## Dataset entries
·····

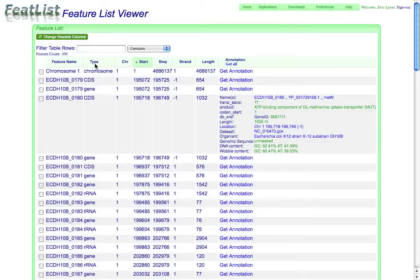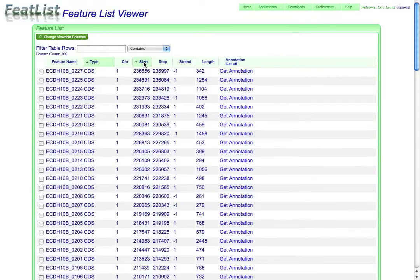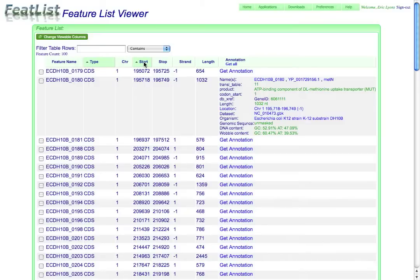If I want to do multiple sorts, for example, if I first wanted to sort by type and then sort by start, I select type and then I hold shift and click on start and I can do a secondary sort on that, as well as a whole bunch of other things.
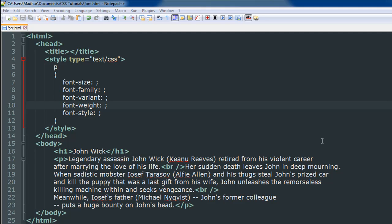Hello guys, welcome to my channel. This is the 17th tutorial in this course and in this tutorial we are going to talk about font properties in CSS.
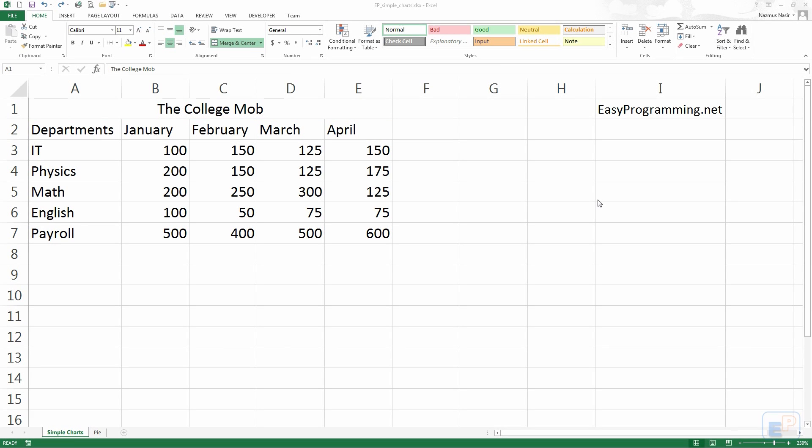Hey everyone, welcome to another Easy Excel Tutorial, part of EasyProgramming.net. Today I want to quickly go over charts in Excel. Charts in Excel are actually pretty easy, fairly simple.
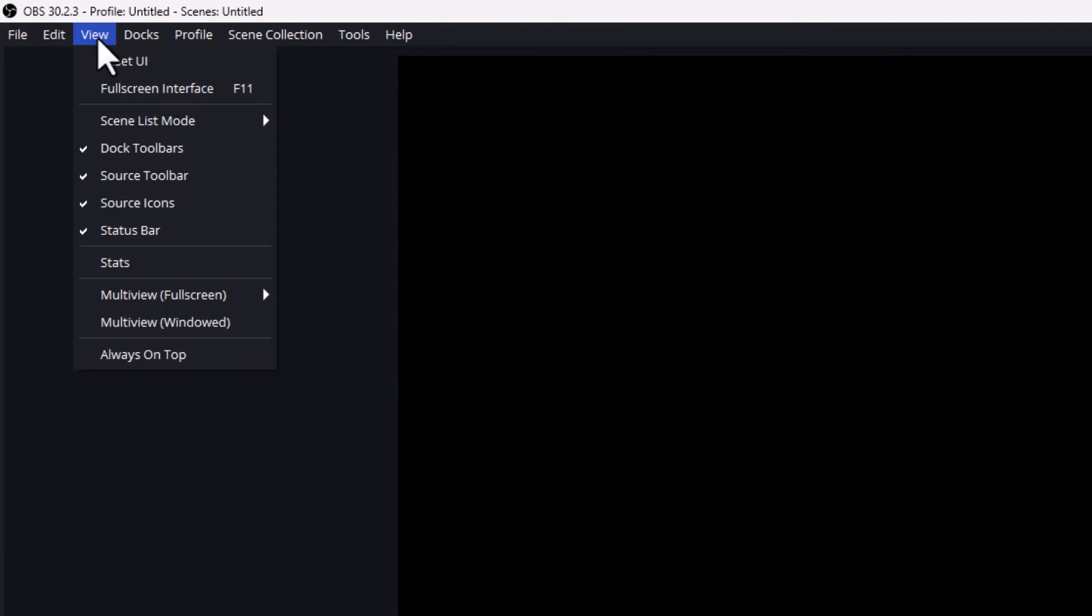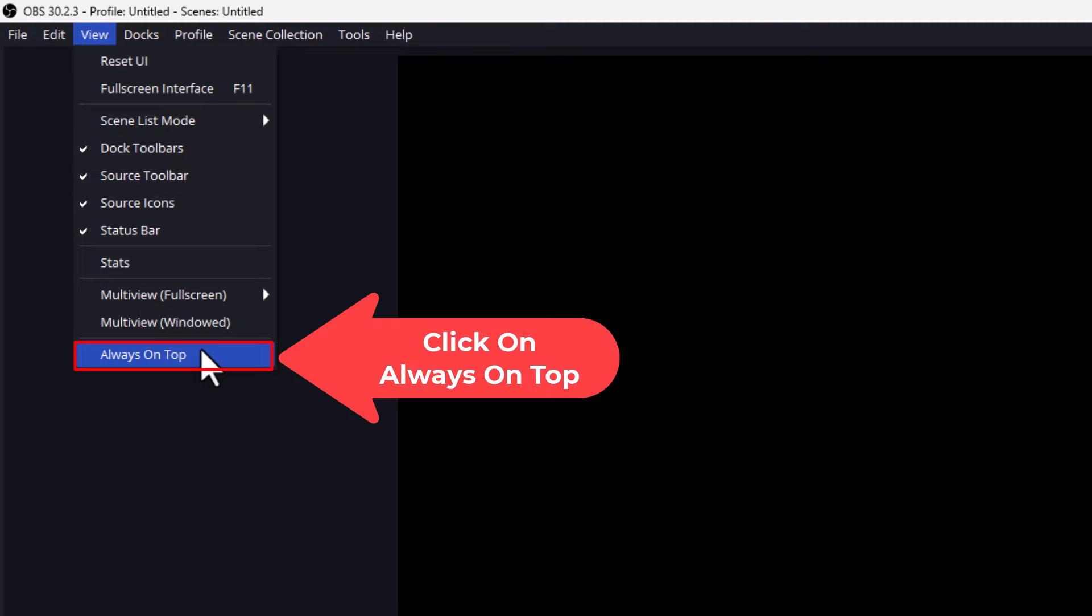Then you want to go down to where it says always on top. To enable it I'm going to click on it. Now I have always on top enabled.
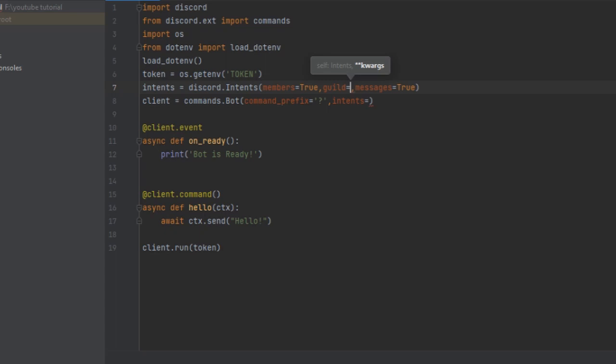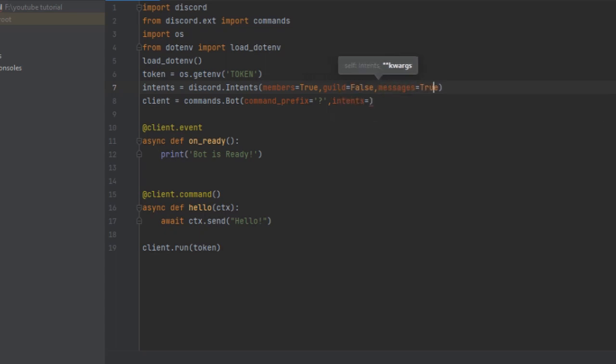If you're creating an all-purpose bot, such as we're going to make throughout this series, you can use discord.intents.all(). Now we have enabled every single intent available.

·····

## Brief
Leave out the pictures, and extract exactly the lines from the one with "Hey everyone, welcome" through the end of the records, both ends included.

## Exercise answer
Hey everyone, welcome to another Easy Excel Tutorial, part of EasyProgramming.net. Today I want to quickly go over charts in Excel. Charts in Excel are actually pretty easy, fairly simple.
Then you want to go down to where it says always on top. To enable it I'm going to click on it. Now I have always on top enabled.
If you're creating an all-purpose bot, such as we're going to make throughout this series, you can use discord.intents.all(). Now we have enabled every single intent available.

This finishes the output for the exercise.